Pertama, memblokir media tersebut. Kedua, menggalakkan literasi media. Ketiga, mendorong media online memperbanyak konten kontra narasi ektremisme. Namun, salah seorang peneliti Kemenag Abdul Jamil Wahab menyebutkan, pemblokiran media online ekstrem tidak akan memberi dampak yang sepenuhnya efektif.


“Sebab, terkadang ada beberapa situs yang sudah diblokir, namun masih bisa diakses. Dengan kata lain, hari ini ditutup, besok bisa muncul kembali,” kata Jamil, sapaan akrabnya.
 

 

Sementara literasi media, menurut dia, membutuhkan upaya panjang. Sebab, tidak mudah mengedukasi masyarakat. Hal itu tampak dari salah satu kebiasaan buruk masyarakat pengguna media sosial yang biasanya hanya membaca judul headline berita tanpa membaca isinya.


“Harapan terakhir ada pada media yang mengembangkan kontra narasi,” kata Jamil saat memaparkan hasil risetnya pada diskusi Seminar Hasil Penelitian Isu-isu Aktual Bimas Agama yang digelar di Jakarta, Jumat (26/11/2021).


Mengenai pengembangan kontra narasi ektremisme, Reslawati yang juga peneliti Balitbang menyebutkan, selain stakeholders kementerian masyarakat juga perlu ikut membanjiri konten-konten kontra narasi terorisme dan radikalisme di medsos.


Ia berpendapat, upaya men-take down akun-akun penyebar propaganda terorisme tidak akan maksimal jika medsos tidak dibanjiri narasi toleransi dari tokoh-tokoh agama yang memiliki ilmu dan pengaruh kuat di masyarakat.

 

“Kami memilih kota karena biasanya kantor-kantor pusat media online terletak di ibu kota dan penggunanya juga kebanyakan masyarakat perkotaan,” terang Resla, sapaan akrabnya.


Ia juga melaporkan bahwa dorongan tersebut telah dilakukan dengan mewawancarai setidaknya empat informan sebagai objek penelitian dengan kriteria sebagai berikut: ahli agama, memiliki konsern ke konten media daring, memiliki kemampuan membaca konten keagamaan pada platform digital.

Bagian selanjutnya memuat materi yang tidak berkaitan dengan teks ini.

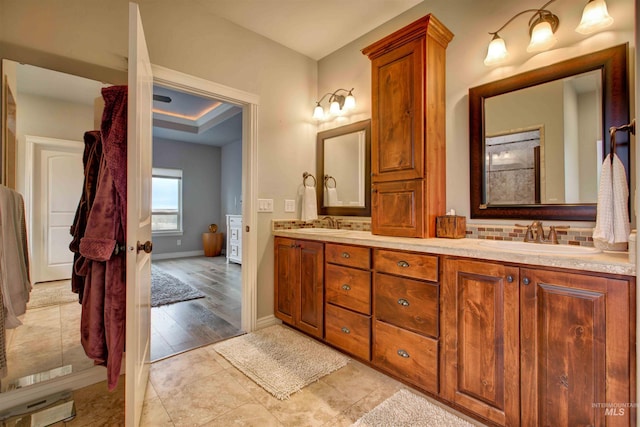 3330 E 4050 N, Twin Falls, ID 83301 - bathroom featuring double vanity, a sink, tile patterned flooring, and baseboards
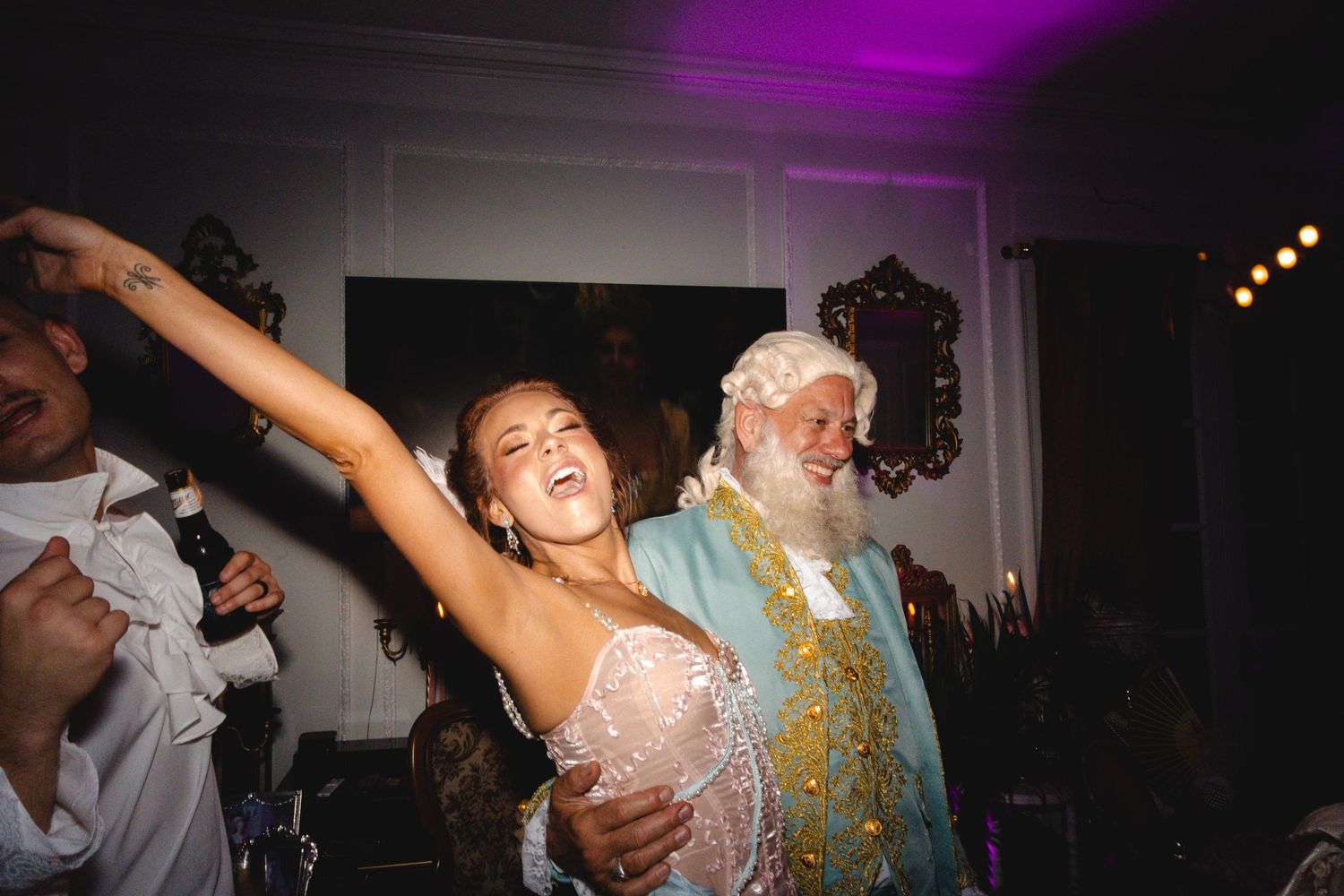 Bride and elderly man with white beard dancing joyfully at a wedding reception indoors.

Sependapat dengan para peneliti sebelumnya, Farhan Muntafa (LP3P Universitas Indonesia) menyebut modus baru propaganda dan perekrutan jaringan radikalisme serta terorisme melalui medsos dapat diatasi dengan pembuatan konten narasi.


Menurut dia, negara dan masyarakat harus menandingi propaganda dan perekrutan yang dilakukan oleh kelompok ini dengan menciptakan narasi kontra sehingga narasi yang disaksikan tidak bersifat tunggal.


Farhan menyarankan agar mudah diterima masyarakat narasi kontra dapat diolah ke dalam berbagai konten di medsos. Pasalnya, para pelaku propaganda itu juga memainkan narasi, elemen musik, bahkan nilai ideologi ke dalam video yang diunggah ke medsos.


“Dengan begitu tampilannya pun mudah untuk dianggap menarik bagi generasi muda yang aktif di medsos dan menggemari hal-hal modern, terlebih mereka yang masih menuju transisi masa dewasa,” ungkap pakar statistik UI itu.


Penelitian dilakukan di beberapa kota yang ada di Jawa dan Sumatera, dengan asumsi, masyarakat di kota-kota tersebut, banyak yang mengakses media daring. Adapun kota-kota tersebut adalah: Serang, Tangerang, Tangerang Selatan, Bandung, Bogor, Cirebon, Semarang, Solo, Jogjakarta. Surabaya, Malang, Medan, Palembang, Padang, dan Lampung.